Selbstverständlich können nicht alle Schriftsysteme einbezogen werden: Eine kürzlich dazu erschienene wissenschaftliche Darstellung, der von Peter T. Daniels u. William Bright herausgegebene Sammelband The World’s Writing Systems, umfasst nahezu tausend inhaltsreiche Seiten. Dennoch ist in unserem Überblick jede bedeutsame Schrift berücksichtigt worden. Denn trotz aller in der Gegenwart wie in der Vergangenheit überdeutlich vorliegenden Unterschiedlichkeiten der Schriften lässt sich erkennen, dass ausgestorbene alte Schriften wie die ägyptischen Hieroglyphen, die mesopotamische Keilschrift und die Glyphen der Maya in ihrer Struktur und ihrer Funktion viele Gemeinsamkeiten mit unseren modernen Schriften oder unseren spezialisierten Kommunikationssystemen haben. Dabei ist es gleichgültig, ob es sich bei ihnen um Alphabete, chinesische Schriftzeichen, auf dem Handy versandte E-Mails oder um Formen der Datenübermittlung auf den Anzeigetafeln der Flughäfen handelt. Die Zeichen, aus denen diese Schriften und Systeme bestehen, mögen sich überaus stark voneinander unterscheiden, die linguistischen Prinzipien, die hinter diesen Zeichen liegen, sind jedoch ähnlich. Die alten Schriften sind keine toten Buchstaben und erst recht keine esoterischen Kuriositäten. Grundsätzlich unterscheidet sich die Art, in der Schreiber zu Beginn des 3. Jahrtausends n. Chr. schreiben, nicht wesentlich von der Art, in der die alten Ägypter und Mesopotamier geschrieben haben.
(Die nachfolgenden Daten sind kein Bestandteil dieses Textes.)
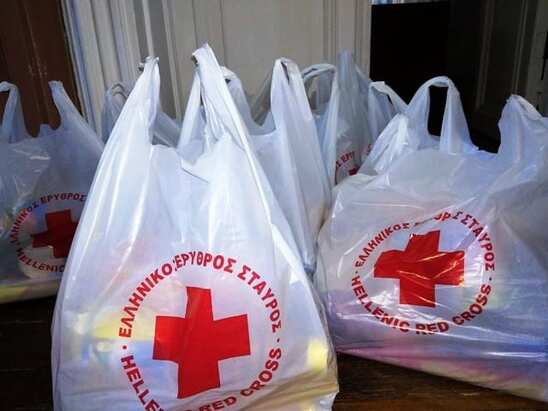 Image: Ο Ερυθρός Σταυρός Ιεράπετρας στέλνει τρόφιμα στον Λίβανο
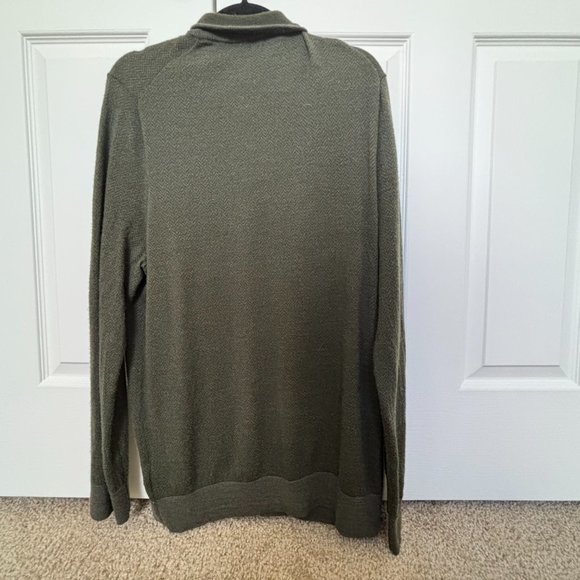 Brooks Brother's Extra Fine Merino Wool Half-Zip Sweater - Picture 3 of 8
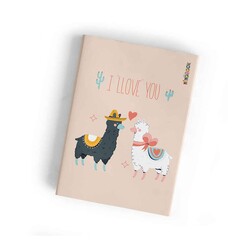 Ninobook Alpakas Çizgisiz 64 Sayfa Defter - Thumbnail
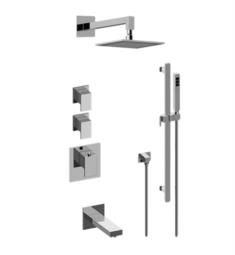 Graff GM3.612ST-LM31E0 Solar M-Series Lever Handle Thermostatic Tub and Shower System with Handshower
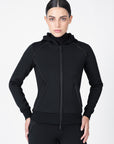 Arctic Zip Hoodie (Black)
‚Proto-Schreiben‘ – ‚volles Schreiben‘

In einer bei Pech Merle in Lot in Südfrankreich gelegenen Höhle stieß man auf eine Felswand, auf der einige merkwürdige Zeichen zu sehen waren: der Abdruck einer rot getönten Hand mit vier gespreizten Fingern und einem deutlich erkennbaren Daumen; in unmittelbarer Nähe befand sich ein wie zufällig angelegt wirkendes Muster von etwa elf roten Tupfern. Was diese Zeichen bedeutsam macht, ist die Tatsache, dass sie aller Wahrscheinlichkeit nach rund 20.000 Jahre alt sind. Sie stammen, wie viele andere Felszeichnungen Südfrankreichs, aus der letzten Eiszeit und enthalten oft Tierbilder, auf denen oder um die herum Zeichen ‚geschrieben‘ sind. Ein Beispiel aus einer anderen Höhle zeigt die in den Fels eingeritzte Figur eines Pferdes, über das eine Reihe von Zeichen eingraviert ist, die einem P ähneln; eines dieser Zeichen ist um seine vertikale Achse gedreht. In einer in der Nähe liegenden anderen Höhle ist das Bild eines Pferdes umgeben von mehr als 80 dieser ‚P‘-Zeichen; viele von ihnen sind offensichtlich mit unterschiedlichen Werkzeugen hergestellt worden.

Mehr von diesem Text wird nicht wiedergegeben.